**TASK PROMPT:**
Return every line from the one with "Janod Paillettes et" through the one with "KL4CJASB0HB028700 2017 BUICK", inclusive, exactly as it appears below.

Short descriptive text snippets
Content starts
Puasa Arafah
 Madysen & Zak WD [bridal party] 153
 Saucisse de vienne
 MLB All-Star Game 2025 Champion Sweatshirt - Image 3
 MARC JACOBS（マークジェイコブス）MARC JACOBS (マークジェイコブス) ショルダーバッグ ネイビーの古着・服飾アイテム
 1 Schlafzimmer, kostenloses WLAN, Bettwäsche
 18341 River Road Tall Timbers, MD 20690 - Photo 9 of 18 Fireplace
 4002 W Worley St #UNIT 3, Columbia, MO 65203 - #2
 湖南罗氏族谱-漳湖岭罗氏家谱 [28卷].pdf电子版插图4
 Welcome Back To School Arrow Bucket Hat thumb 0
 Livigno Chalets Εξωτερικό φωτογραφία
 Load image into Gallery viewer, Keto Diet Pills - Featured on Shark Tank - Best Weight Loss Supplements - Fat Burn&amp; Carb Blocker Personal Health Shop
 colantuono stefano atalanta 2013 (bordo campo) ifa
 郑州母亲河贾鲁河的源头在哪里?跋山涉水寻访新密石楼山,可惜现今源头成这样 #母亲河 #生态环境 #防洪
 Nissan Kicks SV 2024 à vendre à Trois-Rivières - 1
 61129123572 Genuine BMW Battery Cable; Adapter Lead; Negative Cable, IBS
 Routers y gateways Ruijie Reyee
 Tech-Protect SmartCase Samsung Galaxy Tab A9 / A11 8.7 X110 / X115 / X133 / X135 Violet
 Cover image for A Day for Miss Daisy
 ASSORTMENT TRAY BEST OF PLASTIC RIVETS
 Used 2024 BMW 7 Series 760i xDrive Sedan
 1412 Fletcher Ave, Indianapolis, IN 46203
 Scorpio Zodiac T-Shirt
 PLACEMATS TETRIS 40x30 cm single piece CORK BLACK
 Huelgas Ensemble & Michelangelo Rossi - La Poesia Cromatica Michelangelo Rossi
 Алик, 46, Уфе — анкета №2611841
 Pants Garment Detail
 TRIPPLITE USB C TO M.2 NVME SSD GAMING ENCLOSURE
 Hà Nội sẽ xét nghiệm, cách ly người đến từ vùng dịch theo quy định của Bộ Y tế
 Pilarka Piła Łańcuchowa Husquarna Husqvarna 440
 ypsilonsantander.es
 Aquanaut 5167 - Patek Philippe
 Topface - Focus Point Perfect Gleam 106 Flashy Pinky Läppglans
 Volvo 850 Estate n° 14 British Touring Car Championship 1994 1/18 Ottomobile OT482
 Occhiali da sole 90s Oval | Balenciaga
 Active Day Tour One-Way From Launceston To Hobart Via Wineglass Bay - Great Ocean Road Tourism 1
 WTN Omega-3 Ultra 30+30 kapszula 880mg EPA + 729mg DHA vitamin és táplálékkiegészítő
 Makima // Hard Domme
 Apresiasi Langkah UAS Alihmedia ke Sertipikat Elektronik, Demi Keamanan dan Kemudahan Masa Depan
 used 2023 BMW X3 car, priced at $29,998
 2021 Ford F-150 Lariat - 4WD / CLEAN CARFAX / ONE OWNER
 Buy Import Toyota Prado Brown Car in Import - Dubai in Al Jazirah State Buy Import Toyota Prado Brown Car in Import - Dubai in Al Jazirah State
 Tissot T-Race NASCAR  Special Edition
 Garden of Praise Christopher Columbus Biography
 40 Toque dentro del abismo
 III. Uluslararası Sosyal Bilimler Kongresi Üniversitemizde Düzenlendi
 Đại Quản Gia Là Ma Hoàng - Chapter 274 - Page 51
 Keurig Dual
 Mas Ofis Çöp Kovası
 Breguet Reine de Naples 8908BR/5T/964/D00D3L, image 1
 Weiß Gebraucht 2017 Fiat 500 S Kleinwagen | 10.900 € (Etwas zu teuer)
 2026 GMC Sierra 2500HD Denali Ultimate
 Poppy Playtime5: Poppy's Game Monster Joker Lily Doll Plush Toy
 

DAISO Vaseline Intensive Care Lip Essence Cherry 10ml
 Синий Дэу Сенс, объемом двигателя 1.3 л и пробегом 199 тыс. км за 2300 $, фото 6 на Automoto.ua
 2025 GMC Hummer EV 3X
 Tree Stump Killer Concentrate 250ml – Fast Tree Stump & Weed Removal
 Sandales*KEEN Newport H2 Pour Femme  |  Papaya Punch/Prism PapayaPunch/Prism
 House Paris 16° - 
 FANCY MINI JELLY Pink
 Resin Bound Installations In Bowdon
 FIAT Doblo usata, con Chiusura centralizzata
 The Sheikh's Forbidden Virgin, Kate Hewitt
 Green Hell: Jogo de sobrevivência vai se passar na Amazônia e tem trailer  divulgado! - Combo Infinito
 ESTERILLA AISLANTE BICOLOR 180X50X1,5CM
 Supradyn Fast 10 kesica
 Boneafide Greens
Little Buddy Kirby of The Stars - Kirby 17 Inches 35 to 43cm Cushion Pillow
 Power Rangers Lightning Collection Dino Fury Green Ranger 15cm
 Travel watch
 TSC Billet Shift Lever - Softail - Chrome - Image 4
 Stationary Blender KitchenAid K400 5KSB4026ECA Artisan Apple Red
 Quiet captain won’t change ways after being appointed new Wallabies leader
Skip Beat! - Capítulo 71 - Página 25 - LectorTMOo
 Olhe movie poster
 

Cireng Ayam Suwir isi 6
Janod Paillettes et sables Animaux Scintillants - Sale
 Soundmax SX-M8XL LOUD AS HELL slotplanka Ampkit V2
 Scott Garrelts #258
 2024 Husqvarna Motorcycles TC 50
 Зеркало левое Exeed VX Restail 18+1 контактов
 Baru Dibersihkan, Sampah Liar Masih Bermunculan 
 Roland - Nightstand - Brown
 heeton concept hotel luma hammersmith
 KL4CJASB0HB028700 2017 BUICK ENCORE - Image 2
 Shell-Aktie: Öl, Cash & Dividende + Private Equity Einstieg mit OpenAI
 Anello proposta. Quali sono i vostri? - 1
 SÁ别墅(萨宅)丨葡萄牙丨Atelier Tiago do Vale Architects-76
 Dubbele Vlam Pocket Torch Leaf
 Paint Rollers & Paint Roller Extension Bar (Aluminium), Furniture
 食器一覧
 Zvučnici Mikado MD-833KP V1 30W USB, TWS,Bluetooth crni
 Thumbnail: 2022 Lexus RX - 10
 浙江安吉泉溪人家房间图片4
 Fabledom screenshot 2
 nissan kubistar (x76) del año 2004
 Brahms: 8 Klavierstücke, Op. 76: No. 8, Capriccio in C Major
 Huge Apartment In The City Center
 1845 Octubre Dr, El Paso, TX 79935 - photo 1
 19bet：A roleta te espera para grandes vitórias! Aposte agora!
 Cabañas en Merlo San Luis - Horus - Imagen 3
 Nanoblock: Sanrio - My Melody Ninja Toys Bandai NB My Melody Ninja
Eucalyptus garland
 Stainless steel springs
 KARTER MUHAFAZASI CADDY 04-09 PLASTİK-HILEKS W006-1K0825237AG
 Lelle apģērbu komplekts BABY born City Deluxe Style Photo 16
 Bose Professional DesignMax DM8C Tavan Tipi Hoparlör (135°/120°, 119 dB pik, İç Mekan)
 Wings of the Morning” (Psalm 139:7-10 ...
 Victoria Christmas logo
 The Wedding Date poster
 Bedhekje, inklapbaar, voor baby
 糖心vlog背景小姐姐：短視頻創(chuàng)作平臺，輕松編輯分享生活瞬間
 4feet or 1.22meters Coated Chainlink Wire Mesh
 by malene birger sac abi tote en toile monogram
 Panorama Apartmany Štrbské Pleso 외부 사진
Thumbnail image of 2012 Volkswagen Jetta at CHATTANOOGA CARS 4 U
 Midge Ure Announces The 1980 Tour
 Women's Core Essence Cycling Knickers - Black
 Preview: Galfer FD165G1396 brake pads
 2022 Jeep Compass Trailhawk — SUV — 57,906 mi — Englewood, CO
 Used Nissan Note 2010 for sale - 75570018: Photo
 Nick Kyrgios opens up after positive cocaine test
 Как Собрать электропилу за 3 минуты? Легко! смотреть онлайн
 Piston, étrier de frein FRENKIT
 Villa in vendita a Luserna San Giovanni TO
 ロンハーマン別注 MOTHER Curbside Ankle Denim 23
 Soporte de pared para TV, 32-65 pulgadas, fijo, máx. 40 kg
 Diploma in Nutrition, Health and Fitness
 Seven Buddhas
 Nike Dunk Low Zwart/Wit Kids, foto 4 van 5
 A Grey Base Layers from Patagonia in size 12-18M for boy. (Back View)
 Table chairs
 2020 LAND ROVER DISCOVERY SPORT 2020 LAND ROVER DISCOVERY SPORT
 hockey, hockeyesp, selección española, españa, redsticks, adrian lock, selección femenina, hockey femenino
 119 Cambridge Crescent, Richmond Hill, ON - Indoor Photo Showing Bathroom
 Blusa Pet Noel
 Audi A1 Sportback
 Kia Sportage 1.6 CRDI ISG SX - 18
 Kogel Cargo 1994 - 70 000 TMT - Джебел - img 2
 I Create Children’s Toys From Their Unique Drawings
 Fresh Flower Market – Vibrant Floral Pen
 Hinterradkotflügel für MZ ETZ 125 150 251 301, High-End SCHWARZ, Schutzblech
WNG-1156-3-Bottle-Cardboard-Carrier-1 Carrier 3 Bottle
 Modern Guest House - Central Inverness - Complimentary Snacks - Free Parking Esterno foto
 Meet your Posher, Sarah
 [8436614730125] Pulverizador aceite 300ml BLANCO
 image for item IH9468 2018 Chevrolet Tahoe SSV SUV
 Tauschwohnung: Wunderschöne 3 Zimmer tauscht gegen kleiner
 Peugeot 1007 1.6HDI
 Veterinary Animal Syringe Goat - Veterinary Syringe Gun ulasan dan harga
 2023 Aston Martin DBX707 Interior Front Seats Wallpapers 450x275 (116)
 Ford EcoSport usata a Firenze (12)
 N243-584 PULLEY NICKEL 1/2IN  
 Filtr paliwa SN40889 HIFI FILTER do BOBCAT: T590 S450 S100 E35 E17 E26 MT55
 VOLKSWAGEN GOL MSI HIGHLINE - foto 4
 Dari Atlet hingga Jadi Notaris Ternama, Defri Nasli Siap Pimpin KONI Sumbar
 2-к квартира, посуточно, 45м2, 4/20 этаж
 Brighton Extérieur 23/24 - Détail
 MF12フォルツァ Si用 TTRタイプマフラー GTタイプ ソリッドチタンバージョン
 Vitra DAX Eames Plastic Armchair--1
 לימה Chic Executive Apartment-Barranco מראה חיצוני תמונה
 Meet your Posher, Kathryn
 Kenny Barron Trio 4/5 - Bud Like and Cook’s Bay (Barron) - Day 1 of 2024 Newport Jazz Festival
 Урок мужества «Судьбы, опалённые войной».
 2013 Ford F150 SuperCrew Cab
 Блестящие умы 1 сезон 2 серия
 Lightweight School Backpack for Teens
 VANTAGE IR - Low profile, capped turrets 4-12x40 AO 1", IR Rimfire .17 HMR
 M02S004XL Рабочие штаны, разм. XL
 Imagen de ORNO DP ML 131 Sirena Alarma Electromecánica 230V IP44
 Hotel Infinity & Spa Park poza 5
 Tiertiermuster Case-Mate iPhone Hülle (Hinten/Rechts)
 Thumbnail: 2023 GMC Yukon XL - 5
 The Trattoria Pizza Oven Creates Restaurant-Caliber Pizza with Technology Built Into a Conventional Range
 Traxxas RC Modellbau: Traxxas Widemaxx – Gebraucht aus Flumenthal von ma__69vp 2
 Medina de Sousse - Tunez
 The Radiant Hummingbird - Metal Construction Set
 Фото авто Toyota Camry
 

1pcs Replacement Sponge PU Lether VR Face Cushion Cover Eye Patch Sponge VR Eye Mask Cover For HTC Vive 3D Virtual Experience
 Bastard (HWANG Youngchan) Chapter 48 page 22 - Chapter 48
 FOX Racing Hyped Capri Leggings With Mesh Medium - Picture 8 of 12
Content ends
**TASK RESPONSE:**
Janod Paillettes et sables Animaux Scintillants - Sale
 Soundmax SX-M8XL LOUD AS HELL slotplanka Ampkit V2
 Scott Garrelts #258
 2024 Husqvarna Motorcycles TC 50
 Зеркало левое Exeed VX Restail 18+1 контактов
 Baru Dibersihkan, Sampah Liar Masih Bermunculan 
 Roland - Nightstand - Brown
 heeton concept hotel luma hammersmith
 KL4CJASB0HB028700 2017 BUICK ENCORE - Image 2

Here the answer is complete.